Photograph showing debris in an urban water drainage channel
Dealing with sediments in urban water systems can be costly. Environmental Impact Bonds ensure that those costs are budgeted for and steps are taken to reduce them. Credit: Brand et al. [2020], Figure 5 inset and Figure 8
Source: Water Resources Research

Soil erosion, poor water quality, and degraded ecosystems pose significant management challenges. Oftentimes, the key issue is not a lack of understanding about what is needed to address these problems, but the inability to finance solutions at the scale that is needed to be effective. Financial barriers may be cash flow limitations, political constraints, legal constraints, or other factors.
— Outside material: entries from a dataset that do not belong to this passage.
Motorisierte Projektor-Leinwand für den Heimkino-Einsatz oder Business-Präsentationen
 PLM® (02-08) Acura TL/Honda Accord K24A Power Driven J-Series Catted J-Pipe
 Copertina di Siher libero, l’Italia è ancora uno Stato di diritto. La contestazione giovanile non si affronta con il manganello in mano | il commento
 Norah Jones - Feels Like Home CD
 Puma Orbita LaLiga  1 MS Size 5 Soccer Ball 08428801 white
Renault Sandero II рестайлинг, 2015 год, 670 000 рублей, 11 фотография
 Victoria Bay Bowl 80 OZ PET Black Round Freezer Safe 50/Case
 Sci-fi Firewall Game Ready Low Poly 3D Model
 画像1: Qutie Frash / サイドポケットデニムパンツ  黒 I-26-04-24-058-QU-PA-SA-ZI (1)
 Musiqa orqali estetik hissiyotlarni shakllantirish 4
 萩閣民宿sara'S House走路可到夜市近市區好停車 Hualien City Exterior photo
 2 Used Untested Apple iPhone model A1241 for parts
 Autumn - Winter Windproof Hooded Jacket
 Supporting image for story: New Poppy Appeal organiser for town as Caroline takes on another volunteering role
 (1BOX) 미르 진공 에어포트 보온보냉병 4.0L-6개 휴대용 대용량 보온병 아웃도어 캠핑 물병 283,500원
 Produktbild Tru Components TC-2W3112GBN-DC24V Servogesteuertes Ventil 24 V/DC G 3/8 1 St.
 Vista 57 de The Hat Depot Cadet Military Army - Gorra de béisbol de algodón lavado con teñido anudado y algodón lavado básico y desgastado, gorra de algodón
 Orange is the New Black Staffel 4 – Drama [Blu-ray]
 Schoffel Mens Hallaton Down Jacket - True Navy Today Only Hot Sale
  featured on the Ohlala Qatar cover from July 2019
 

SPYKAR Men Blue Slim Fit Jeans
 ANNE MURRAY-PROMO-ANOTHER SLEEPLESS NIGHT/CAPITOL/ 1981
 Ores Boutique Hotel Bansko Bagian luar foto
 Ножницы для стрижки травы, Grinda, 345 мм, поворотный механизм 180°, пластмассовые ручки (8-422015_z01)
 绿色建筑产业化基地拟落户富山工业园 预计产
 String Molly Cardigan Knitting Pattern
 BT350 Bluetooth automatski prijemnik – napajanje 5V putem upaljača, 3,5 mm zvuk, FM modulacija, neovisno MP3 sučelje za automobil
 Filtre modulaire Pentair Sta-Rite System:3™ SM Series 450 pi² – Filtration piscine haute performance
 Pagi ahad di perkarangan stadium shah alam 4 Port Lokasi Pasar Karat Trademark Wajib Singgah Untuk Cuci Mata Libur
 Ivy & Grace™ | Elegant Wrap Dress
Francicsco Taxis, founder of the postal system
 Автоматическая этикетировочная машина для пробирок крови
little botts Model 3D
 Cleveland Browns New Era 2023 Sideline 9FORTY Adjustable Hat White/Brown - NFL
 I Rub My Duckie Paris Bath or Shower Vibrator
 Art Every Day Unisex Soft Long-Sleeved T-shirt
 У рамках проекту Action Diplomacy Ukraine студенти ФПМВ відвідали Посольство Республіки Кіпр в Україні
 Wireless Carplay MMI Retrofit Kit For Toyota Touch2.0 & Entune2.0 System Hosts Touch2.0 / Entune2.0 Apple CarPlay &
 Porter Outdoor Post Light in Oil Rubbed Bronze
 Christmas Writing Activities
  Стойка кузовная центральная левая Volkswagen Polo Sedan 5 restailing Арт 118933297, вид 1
Environmental impact bonds (EIBs) are a new form of financing capable of overcoming institutional and cash flow barriers: investors provide the capital required for comprehensive watershed interventions, which is repaid over time with interest by stakeholders who experience a reduction in management costs, or savings.

Brand et al. [2020] describe a modeling method for determining a fair interest rate and return period to reward investors for the risk that interventions fail. After presenting a formulation of the method, the authors apply it to a sediment management problem at the United States—Mexico border and show the feasibility of an EIB for several possible interventions. They also report general strategies for making EIBs feasible.

Citation: Brand, M., Gudiño‐Elizondo, N., Allaire, M., Wright, S., Matson, W., Saksa, P. and Sanders, B.F. [2020], Stochastic Hydro‐Financial Watershed Modeling for Environmental Impact Bonds. Water Resources Research, 56: e2020WR027328.